Maisy Jude Marion Stella (born December 13, 2003) is a Canadian singer and actress. She is known for her role as Daphne Conrad on the musical television series Nashville (2012–2018). In 2017, she released her debut solo song, "Riding Free", for the soundtrack of the Dreamworks animation series Spirit Riding Free.

Life and career

20032011: Early life 
Stella was born on December 13, 2003, in Oshawa, Ontario.

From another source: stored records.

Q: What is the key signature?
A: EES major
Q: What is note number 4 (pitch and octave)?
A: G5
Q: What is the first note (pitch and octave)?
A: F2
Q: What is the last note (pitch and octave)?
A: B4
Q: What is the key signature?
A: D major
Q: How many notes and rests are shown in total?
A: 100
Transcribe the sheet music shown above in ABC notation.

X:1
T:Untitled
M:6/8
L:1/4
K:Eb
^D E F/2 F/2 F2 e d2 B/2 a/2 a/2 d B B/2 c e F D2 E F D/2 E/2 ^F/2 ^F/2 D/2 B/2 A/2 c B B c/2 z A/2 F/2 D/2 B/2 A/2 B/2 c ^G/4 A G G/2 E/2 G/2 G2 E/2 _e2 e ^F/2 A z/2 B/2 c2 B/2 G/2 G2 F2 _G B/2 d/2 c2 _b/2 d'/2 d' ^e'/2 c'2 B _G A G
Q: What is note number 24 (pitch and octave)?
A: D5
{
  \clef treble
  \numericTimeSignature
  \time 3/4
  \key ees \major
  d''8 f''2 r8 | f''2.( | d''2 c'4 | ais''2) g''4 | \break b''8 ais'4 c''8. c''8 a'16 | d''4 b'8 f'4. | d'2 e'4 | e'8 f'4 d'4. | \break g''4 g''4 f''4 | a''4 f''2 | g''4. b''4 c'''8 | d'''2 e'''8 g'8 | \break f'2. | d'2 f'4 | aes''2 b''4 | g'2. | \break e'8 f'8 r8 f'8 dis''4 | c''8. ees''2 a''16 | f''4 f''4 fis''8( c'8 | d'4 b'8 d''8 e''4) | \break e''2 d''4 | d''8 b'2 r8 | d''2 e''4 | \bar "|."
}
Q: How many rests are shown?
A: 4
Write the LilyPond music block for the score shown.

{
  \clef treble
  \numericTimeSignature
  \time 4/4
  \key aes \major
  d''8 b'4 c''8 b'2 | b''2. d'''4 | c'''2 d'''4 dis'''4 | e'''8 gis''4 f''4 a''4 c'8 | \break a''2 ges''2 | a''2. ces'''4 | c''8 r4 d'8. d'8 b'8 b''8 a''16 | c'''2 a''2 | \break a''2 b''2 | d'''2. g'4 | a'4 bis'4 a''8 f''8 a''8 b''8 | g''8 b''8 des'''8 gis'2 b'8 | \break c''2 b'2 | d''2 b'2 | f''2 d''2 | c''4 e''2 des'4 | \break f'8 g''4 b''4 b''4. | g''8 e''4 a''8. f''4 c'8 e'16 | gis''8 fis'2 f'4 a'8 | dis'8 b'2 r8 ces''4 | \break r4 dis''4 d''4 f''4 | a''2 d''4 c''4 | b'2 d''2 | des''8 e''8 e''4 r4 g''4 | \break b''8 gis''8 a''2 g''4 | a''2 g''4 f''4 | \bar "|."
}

Her parents are Marylynne and Brad Stella, who are members of the country duo the Stellas, and she has an older sister, Lennon Stella.

20122018: Nashville and Lennon & Maisy 
Stella had her breakthrough role starring as Daphne Conrad on the ABC/CMT musical drama television series Nashville (2012–2018), where she starred alongside her sister Lennon Stella. The series premiered on October 10, 2012 and aired its final episode on July 26, 2018.

During her time on Nashville, she also performed alongside her older sister Lennon Stella as the country music duo Lennon & Maisy, performing mostly covers of songs.

Solo work 

In 2016, Stella appeared on the YouTube web series We Are Savvy. The following year, Stella released her debut solo single, "Riding Free", for the soundtrack of the DreamWorks Animation series Spirit Riding Free.

In 2017, Stella also appeared as a guest judge in an episode of Top Chef Jr.

Stalker incident 

In November 2018, a 41-year-old man, Joshua Andrew Stephen Fox, was arrested by the Metro Nashville Police after having stalked Stella for over a year. According to police, the contact started when he reached out to the Stella family through their website, stating that he had relocated to Nashville from Miami to "be with the family".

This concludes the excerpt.